### WHAT IS NEEDED
Within the lines below, the span from the line with "X0000115650955200911101114" to the line with "Mix synthpopretrowavenu Disco", both ends included, is to be reproduced exactly, with pictures omitted.

### TASK DATA
################
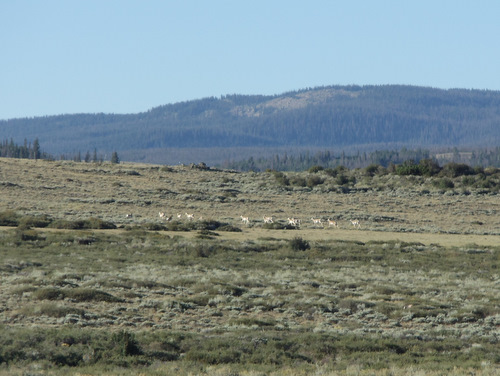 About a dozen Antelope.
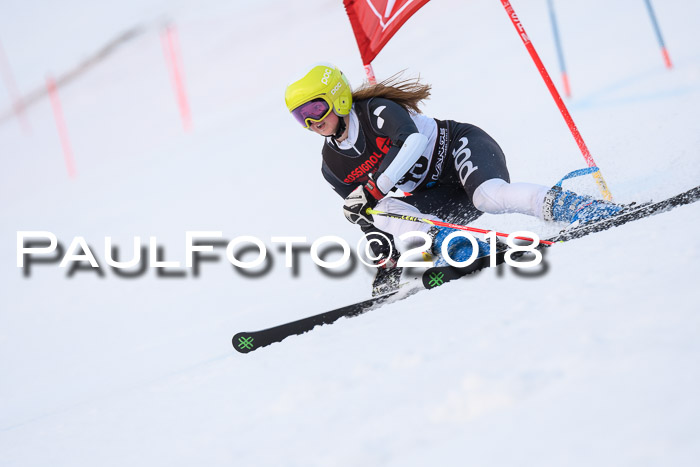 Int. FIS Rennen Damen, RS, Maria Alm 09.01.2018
################
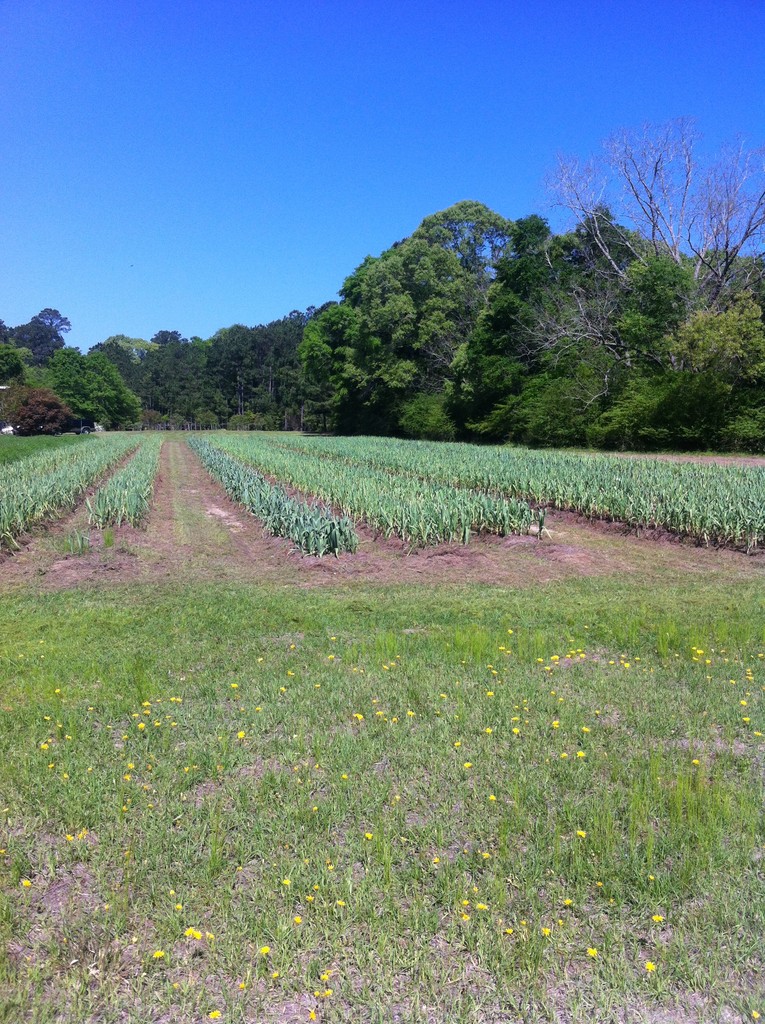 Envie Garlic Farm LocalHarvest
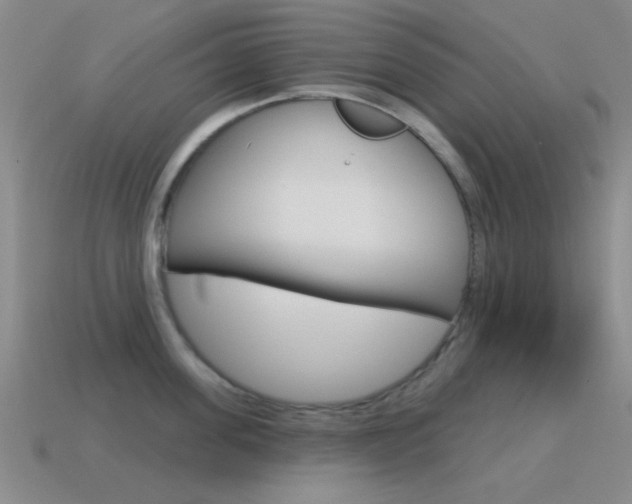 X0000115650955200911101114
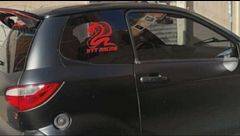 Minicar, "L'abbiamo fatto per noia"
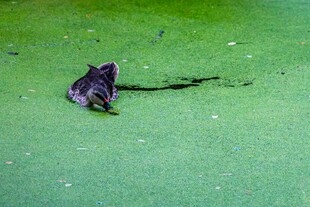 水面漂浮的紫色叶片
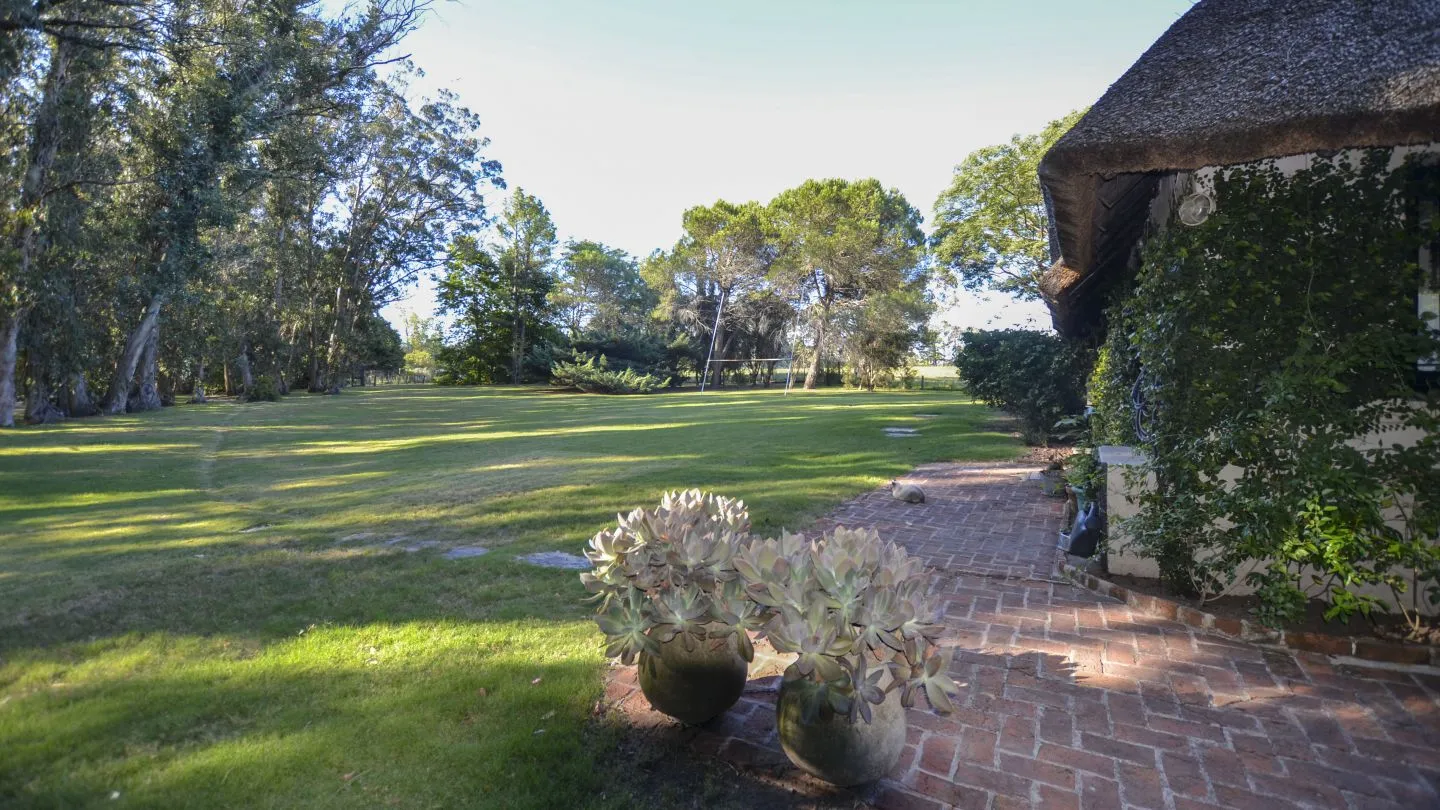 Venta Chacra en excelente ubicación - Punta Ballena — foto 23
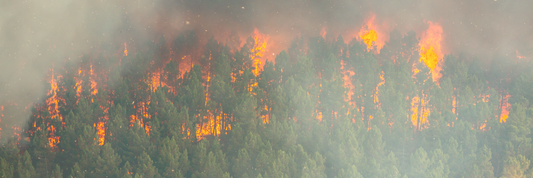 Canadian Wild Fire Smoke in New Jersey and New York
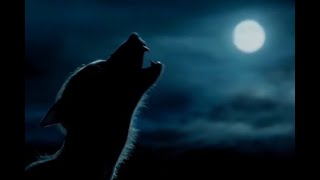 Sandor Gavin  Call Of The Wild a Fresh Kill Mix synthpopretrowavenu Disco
################
### EXPECTED ANSWER
 X0000115650955200911101114
 Minicar, "L'abbiamo fatto per noia"
 水面漂浮的紫色叶片
 Venta Chacra en excelente ubicación - Punta Ballena — foto 23
 Canadian Wild Fire Smoke in New Jersey and New York
 Sandor Gavin  Call Of The Wild a Fresh Kill Mix synthpopretrowavenu Disco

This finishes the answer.